+++ Dataset excerpts

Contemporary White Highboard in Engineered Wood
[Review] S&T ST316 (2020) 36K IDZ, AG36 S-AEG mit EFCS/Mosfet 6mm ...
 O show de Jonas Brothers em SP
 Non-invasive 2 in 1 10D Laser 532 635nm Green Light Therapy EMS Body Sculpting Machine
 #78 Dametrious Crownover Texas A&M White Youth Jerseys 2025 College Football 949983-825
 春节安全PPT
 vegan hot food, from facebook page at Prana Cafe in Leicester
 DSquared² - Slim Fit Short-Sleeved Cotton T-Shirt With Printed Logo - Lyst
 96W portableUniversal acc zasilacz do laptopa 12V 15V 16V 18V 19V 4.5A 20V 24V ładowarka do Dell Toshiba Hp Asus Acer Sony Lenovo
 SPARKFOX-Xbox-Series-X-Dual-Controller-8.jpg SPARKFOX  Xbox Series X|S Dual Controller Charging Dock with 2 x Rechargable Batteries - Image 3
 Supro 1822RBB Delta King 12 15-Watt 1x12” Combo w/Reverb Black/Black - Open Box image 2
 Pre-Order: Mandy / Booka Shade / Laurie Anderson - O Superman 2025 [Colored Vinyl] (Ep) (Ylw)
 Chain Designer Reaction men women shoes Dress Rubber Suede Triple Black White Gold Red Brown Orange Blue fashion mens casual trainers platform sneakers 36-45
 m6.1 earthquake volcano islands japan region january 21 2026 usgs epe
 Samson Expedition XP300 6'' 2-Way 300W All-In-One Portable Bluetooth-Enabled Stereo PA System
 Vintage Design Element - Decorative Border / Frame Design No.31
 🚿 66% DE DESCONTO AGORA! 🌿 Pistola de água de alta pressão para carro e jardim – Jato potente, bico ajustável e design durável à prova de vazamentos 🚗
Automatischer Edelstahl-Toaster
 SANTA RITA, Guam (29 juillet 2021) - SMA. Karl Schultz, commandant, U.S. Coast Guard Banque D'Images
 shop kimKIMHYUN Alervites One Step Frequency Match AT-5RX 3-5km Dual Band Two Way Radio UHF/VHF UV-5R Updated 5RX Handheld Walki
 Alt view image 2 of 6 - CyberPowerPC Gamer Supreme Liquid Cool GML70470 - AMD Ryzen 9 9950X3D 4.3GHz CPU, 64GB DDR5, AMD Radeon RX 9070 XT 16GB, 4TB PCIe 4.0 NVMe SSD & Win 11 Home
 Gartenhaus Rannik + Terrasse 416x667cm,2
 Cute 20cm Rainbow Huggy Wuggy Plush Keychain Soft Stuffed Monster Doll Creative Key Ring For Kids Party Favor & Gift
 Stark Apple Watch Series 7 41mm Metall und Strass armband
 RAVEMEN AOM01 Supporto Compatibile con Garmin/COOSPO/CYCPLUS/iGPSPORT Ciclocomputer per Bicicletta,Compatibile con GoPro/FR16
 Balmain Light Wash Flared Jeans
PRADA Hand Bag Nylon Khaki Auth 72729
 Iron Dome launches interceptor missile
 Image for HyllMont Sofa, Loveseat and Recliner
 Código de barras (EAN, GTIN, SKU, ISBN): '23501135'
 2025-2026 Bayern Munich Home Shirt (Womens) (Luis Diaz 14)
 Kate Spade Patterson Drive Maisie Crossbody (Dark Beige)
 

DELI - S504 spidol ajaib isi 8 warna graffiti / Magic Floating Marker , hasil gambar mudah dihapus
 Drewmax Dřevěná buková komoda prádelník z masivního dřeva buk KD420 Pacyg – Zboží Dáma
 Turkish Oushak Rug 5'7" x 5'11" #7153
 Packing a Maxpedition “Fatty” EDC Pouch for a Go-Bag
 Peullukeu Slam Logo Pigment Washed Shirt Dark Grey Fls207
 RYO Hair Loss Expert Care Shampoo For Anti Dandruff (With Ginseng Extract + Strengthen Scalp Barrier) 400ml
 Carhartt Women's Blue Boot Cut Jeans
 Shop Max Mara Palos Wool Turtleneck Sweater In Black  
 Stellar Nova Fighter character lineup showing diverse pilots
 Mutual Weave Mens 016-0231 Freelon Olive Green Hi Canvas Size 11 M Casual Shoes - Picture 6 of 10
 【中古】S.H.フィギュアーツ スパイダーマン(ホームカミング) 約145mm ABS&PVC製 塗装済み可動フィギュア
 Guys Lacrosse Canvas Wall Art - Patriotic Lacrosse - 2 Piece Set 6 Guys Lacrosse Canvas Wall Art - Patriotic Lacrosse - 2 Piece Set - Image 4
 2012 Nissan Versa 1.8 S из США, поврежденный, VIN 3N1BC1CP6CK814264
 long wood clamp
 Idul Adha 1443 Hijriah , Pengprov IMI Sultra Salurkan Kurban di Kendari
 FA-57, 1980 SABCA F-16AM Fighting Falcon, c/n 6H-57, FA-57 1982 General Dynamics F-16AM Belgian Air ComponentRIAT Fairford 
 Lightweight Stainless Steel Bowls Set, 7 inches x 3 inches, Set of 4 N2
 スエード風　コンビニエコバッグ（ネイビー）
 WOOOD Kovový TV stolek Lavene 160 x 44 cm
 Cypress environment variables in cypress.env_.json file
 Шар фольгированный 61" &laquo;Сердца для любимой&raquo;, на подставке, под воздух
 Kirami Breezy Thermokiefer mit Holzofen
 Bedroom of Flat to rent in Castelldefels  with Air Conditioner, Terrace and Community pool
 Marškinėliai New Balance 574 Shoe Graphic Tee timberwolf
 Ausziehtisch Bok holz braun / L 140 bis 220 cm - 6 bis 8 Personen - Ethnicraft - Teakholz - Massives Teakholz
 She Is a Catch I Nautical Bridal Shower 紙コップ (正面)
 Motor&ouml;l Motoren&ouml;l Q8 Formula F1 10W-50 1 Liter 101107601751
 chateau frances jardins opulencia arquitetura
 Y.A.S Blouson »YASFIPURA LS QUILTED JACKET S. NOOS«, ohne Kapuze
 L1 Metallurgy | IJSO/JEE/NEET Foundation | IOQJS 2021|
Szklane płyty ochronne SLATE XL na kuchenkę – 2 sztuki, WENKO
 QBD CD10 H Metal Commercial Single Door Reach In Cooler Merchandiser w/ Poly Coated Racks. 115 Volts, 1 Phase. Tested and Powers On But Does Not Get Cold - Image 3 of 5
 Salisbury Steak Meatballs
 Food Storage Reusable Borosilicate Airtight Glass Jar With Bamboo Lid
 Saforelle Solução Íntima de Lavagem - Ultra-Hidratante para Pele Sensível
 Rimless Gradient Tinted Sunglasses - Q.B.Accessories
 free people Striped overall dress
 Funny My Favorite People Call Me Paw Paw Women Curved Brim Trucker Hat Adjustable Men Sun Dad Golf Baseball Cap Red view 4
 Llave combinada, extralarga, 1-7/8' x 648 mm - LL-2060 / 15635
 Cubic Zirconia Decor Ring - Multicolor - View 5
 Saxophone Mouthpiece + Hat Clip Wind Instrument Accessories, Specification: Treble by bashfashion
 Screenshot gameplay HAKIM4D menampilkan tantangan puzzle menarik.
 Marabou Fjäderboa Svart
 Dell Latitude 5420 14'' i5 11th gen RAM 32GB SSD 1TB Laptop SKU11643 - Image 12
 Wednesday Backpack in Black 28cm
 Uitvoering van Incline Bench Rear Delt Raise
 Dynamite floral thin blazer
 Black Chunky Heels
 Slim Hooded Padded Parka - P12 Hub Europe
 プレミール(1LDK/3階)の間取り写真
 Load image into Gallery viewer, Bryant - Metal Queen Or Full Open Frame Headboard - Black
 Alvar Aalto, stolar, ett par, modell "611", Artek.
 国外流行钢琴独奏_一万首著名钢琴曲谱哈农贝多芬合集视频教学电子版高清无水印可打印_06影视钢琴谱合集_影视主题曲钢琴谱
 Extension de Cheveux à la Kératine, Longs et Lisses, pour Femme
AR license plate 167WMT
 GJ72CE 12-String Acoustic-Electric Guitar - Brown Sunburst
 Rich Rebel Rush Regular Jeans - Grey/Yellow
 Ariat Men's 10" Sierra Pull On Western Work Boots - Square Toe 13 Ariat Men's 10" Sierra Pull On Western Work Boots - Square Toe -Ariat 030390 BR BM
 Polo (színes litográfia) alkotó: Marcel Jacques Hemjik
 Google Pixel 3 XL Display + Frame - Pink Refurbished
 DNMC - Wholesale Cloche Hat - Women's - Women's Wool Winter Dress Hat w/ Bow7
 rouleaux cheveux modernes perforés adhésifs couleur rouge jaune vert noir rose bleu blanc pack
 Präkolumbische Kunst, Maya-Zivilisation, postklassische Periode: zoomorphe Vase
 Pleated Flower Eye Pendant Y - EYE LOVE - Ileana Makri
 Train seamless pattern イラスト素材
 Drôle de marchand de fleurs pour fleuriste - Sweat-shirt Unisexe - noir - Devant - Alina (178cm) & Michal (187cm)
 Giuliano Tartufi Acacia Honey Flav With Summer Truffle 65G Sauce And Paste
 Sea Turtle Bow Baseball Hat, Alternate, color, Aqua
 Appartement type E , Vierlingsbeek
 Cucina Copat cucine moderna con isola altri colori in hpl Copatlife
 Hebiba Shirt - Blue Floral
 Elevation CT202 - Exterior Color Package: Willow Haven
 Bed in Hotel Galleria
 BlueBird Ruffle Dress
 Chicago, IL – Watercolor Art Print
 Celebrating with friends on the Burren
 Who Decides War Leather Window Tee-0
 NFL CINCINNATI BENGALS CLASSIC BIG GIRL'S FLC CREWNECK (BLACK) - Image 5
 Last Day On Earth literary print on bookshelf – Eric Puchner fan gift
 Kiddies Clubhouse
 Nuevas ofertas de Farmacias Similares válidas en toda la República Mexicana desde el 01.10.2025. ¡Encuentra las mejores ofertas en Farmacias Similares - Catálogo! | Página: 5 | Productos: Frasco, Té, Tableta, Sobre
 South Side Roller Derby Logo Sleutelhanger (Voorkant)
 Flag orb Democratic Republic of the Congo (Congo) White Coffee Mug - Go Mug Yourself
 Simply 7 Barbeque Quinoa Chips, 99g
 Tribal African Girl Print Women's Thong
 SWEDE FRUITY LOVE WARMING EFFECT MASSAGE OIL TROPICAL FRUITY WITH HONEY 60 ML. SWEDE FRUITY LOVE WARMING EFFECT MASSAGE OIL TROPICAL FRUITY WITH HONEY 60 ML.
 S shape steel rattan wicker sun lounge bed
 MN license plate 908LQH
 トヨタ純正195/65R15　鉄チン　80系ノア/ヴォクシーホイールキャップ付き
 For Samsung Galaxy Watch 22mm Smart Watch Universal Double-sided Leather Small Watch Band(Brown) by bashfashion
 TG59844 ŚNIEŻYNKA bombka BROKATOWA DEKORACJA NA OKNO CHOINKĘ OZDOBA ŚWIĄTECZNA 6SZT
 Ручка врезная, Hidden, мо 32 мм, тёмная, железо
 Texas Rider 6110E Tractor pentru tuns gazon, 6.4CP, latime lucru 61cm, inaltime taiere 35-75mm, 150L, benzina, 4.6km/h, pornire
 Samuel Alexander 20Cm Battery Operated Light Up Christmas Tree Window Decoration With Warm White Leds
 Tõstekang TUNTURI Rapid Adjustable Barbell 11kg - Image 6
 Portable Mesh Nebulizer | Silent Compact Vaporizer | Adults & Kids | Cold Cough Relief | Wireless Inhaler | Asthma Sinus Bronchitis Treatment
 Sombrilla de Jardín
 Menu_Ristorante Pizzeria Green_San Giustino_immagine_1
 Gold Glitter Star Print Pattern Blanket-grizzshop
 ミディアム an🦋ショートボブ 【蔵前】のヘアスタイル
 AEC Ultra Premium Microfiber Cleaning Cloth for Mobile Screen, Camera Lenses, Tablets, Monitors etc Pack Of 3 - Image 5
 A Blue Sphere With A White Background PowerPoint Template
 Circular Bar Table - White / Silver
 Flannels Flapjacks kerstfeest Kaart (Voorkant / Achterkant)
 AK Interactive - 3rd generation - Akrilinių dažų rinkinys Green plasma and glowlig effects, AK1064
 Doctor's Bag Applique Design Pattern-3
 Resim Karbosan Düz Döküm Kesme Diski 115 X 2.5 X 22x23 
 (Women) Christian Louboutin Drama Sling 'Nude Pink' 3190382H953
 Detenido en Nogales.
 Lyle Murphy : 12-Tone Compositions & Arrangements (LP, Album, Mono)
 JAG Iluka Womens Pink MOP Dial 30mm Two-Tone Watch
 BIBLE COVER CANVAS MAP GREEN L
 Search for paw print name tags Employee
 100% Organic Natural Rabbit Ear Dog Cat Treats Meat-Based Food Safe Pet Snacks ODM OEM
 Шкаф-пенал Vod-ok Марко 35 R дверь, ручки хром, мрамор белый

++++++

What to produce: In the records above, find the line with "de vazamentos 🚗"; write out exactly that line and each one after it, stopping after the line with "Gartenhaus Rannik + Terrasse 416x667cm,2".

Completed exercise:
 🚿 66% DE DESCONTO AGORA! 🌿 Pistola de água de alta pressão para carro e jardim – Jato potente, bico ajustável e design durável à prova de vazamentos 🚗
Automatischer Edelstahl-Toaster
 SANTA RITA, Guam (29 juillet 2021) - SMA. Karl Schultz, commandant, U.S. Coast Guard Banque D'Images
 shop kimKIMHYUN Alervites One Step Frequency Match AT-5RX 3-5km Dual Band Two Way Radio UHF/VHF UV-5R Updated 5RX Handheld Walki
 Alt view image 2 of 6 - CyberPowerPC Gamer Supreme Liquid Cool GML70470 - AMD Ryzen 9 9950X3D 4.3GHz CPU, 64GB DDR5, AMD Radeon RX 9070 XT 16GB, 4TB PCIe 4.0 NVMe SSD & Win 11 Home
 Gartenhaus Rannik + Terrasse 416x667cm,2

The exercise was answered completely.